A Risk Worth Taking: Women Leaders are Good for the Bottom Line
“Risk is a mixture of danger and opportunity”—a quote by Sana Mohsni, Associate Professor, Finance—a person who is highly intrigued by corporate risk-taking behaviour.
Sana has many projects on the go with collaborators from around the world that look to uncover how changes in firms’ governance, policies, and organizational structure shape risk tolerance and appetite. For instance, she looks at how firm privatization influences firm risk behaviour, or in another study, if the establishment of corporate directors and officers insurance influences a firm’s risk behaviour.
Sana is certainly a numbers person and quantitative data, usually measured through profit maximization, is instrumental to evaluating the success of firms, but Sana is also tapping into an area of business that is quite noteworthy. In a concurrent collaborative project, Sana examines the impact of gender diversity on the performance of companies and their risk-taking behaviour. What is incredible is that their findings are substantiating the value of women as board members—and they have the numbers to prove it.

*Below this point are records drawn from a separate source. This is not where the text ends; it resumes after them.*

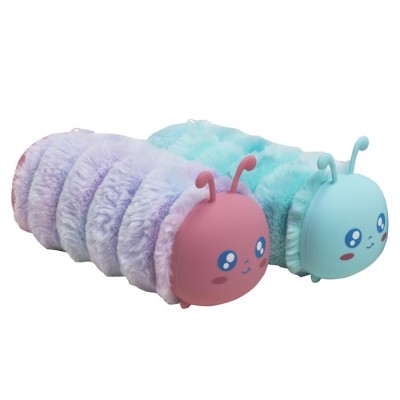 Tolltartó, cipzáras, szőrme-szilikon, EXACOMPTA "Caterpillar", vegyes színek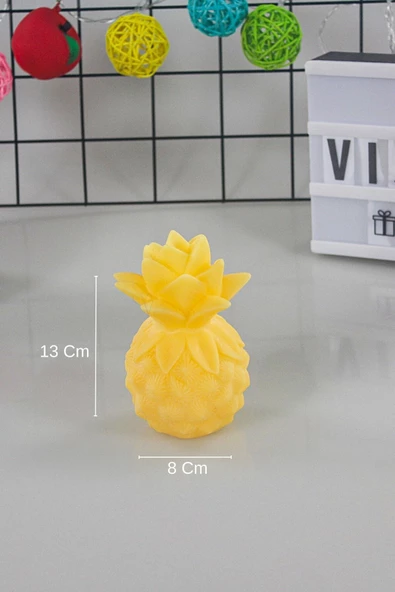 Viselia Pembe Ananas Gece Lamba Pilli Projeksiyon Masa Lamba Ananas Led Lamba - 3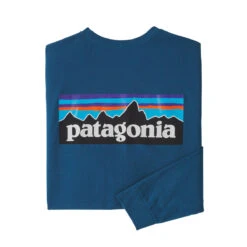 Patagonia Men's Long-Sleeved P-6 Logo Responsibili-Tee 17 Patagonia Men's Long-Sleeved P-6 Logo Responsibili-Tee -Men Sportswear Store WBF22 38518 WAVB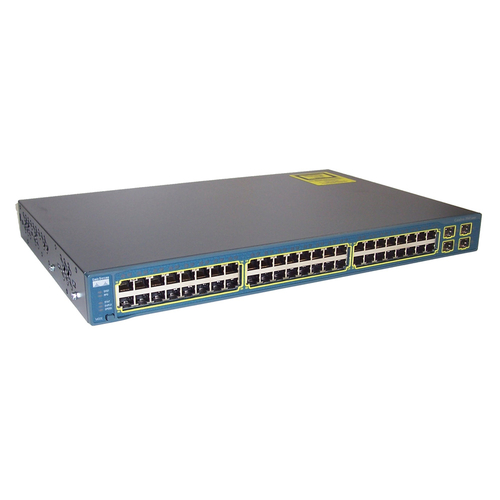 CISCO used Catalyst 3560G-48PS, Switch, 48 ports, Managed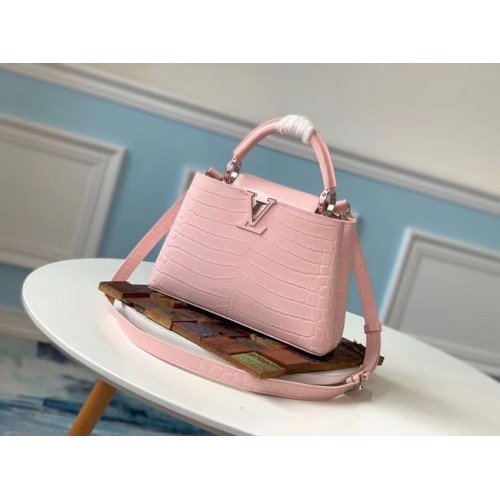 Louis Vuitton originální krokodýlí CAPUCINES PM M94587 Eau de Rose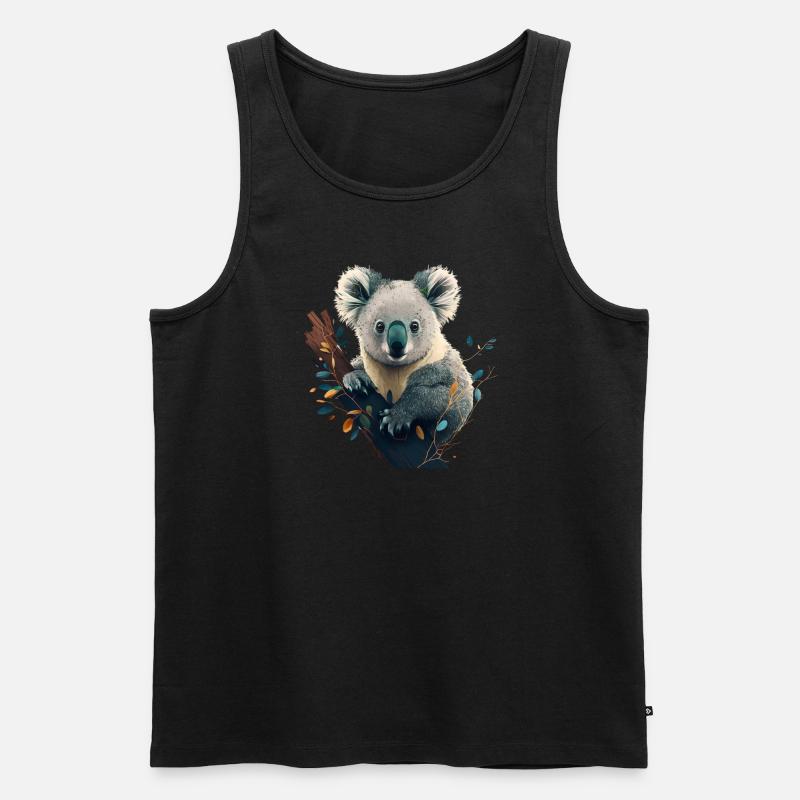 Koala in einem Baum - Männer Premium Bio Tank Top - Schwarz
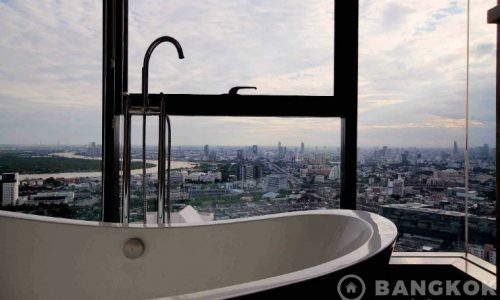The Lumpini 24 Elegant 3 Bed 4 Bath Penthouse with River View to rent
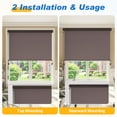 thumbnail image 6 of Integrated 8' W x 8' H Outdoor Roller Shade with Aluminum Valance, Assembly‑Free Crank‑Operated Blind, 420GSM Terslin Fabric 95% UV Block, Sun Shade for Porch, Gazebo, Balcony, Brown, Heynemo, 6 of 10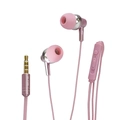 Fone De Ouvido Evus F-09 Intra Auricular Premium Rosa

From Tunisia (where Sana was born and raised) to Canada, and the numerous countries in between, Sana has visited and collaborated with many scholars from around the globe; experiences that have allowed her to build a robust research program that fosters and infuses multiple perspectives from different corporate cultures. But it has also punctuated the reality of gender inequality and discrimination against women in business. Sana is keen to change this. Sana wants to better understand both the impact of gender diversity on the bottom line (profit maximization), as well as the impact to the risk-taking behaviour of firms when more women occupy board seats.